“Non ci si abitua mai a vedere dei bambini morti”. Come un pugno allo stomaco, il dottor Pietro Bartolo, direttore della Asl di Lampedusa, si emoziona ogni volta che rievoca le atrocità di cui è dal 1991 testimone. Il suo incontro con Gianfranco Rosi è stato determinante affinché Fuocoammare prendesse anima e forma. Oggi il nuovo film del regista già Leone d’oro a Venezia per Sacro GRA arriva alla Berlinale, dove concorre per l’Orso d’oro. Ed è l’unico italiano in gara.
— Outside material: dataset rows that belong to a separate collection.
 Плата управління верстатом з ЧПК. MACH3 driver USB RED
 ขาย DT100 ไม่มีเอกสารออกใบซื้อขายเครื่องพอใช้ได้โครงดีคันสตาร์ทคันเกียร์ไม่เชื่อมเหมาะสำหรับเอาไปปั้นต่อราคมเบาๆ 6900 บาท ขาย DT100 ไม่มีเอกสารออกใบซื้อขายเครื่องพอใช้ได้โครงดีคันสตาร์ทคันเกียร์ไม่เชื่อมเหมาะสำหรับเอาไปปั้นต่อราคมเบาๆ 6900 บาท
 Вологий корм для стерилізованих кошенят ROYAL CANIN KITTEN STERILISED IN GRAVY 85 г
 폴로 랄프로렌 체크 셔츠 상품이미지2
Documento/documentario straordinario sia per l’importanza che incarna sia per l’esperienza produttiva che rappresenta, Fuocoammare è il frutto di un anno di permanenza di Rosi sull’isola di Lampedusa dove il cineasta ha immortalato l’incontro tanto con i lampedusani quanto con i migranti che tragicamente approdano – vivi e morti – a centinaia di migliaia sulle coste. La stampa internazionale presente a Berlino gli ha tributato un caloroso applauso, comprovando il fatto che la drammatica situazione che sperimenta Lampedusa ormai da troppi anni è materia che non riguarda solo l’Italia ma certamente tutta l’Europa e il mondo.
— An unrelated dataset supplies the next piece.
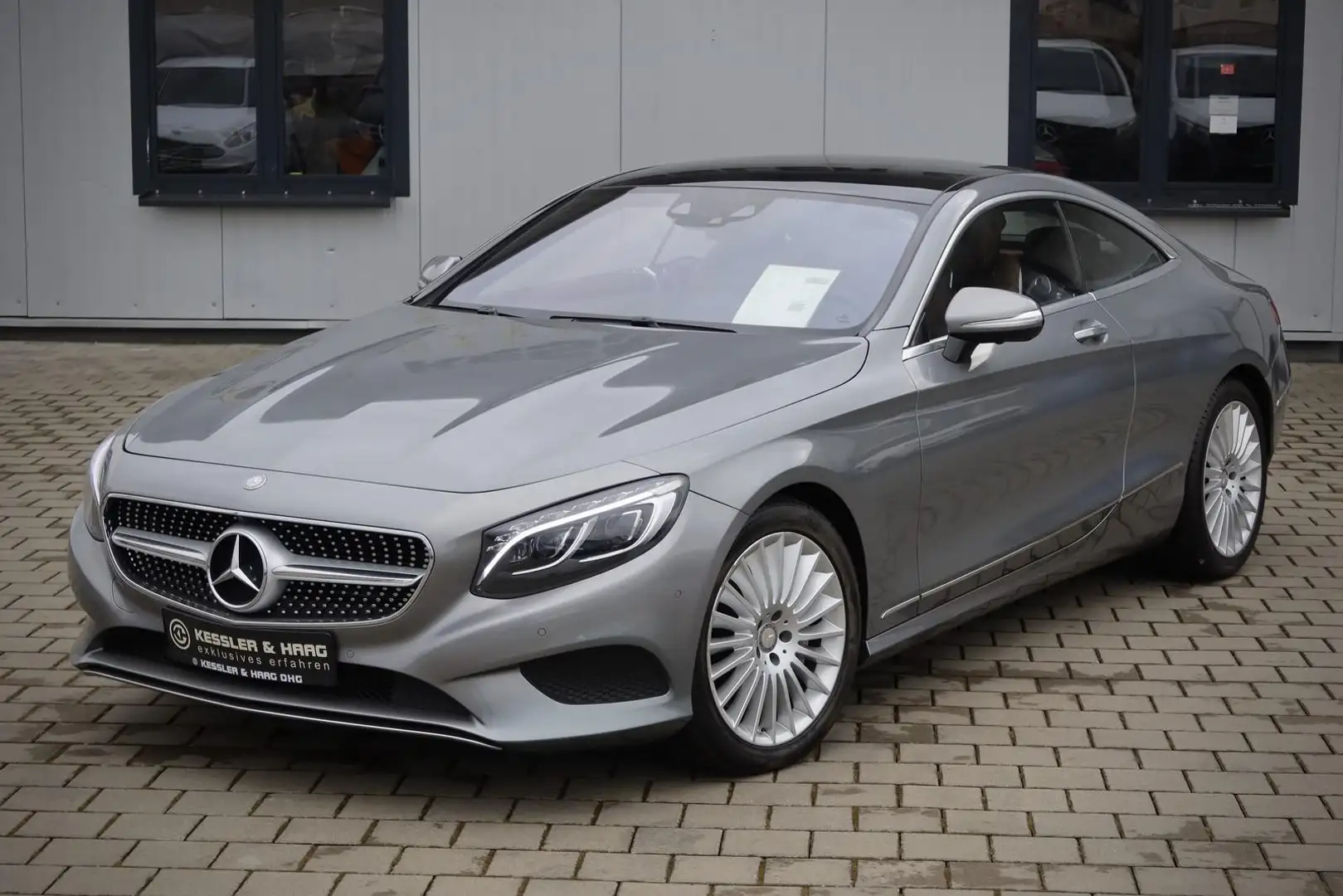 Mercedes-Benz S 500 4Matic /designo/Burmester/PANO/1HAND/ Silber - 2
“Siamo tutti responsabili di questa tragedia laddove non viene fatto nulla di concreto per evitarla” dice Rosi, che ha toccato con mano e filmato la tragedia. “I lampedusani sono eccezionali, fanno il loro possibile per salvare naufraghi e migranti che approdano sull’isola, ma la responsabilità di quelle oltre 40mila persone morte in mare è politica: come è possibile mettere le barriere a 20 miglia dalla Libia? Oggi non si resuscitano i morti, ma si potrebbe evitare ulteriori tragedie costruendo il tanto chiacchierato corridoio umanitario fino alla Libia e portare via quelle persone sofferenti. Non dimentichiamoci che quanto sta accadendo a Lampedusa è la più grave tragedia umanitaria dopo l’Olocausto. E noi ne siamo testimoni”.

Sono parole forti ma inevitabili le sue e il festival di Berlino, da sempre luogo sensibile alle tematiche civili e sociali, diventa un tutt’uno con Lampedusa. L’importanza di Fuocommare – che il cineasta tiene a precisare essere “politico come qualunque film” – è di testimoniare un’apocalisse umana in corso, e di farlo con uno sguardo che si tiene lontano dall’inchiesta giornalistica.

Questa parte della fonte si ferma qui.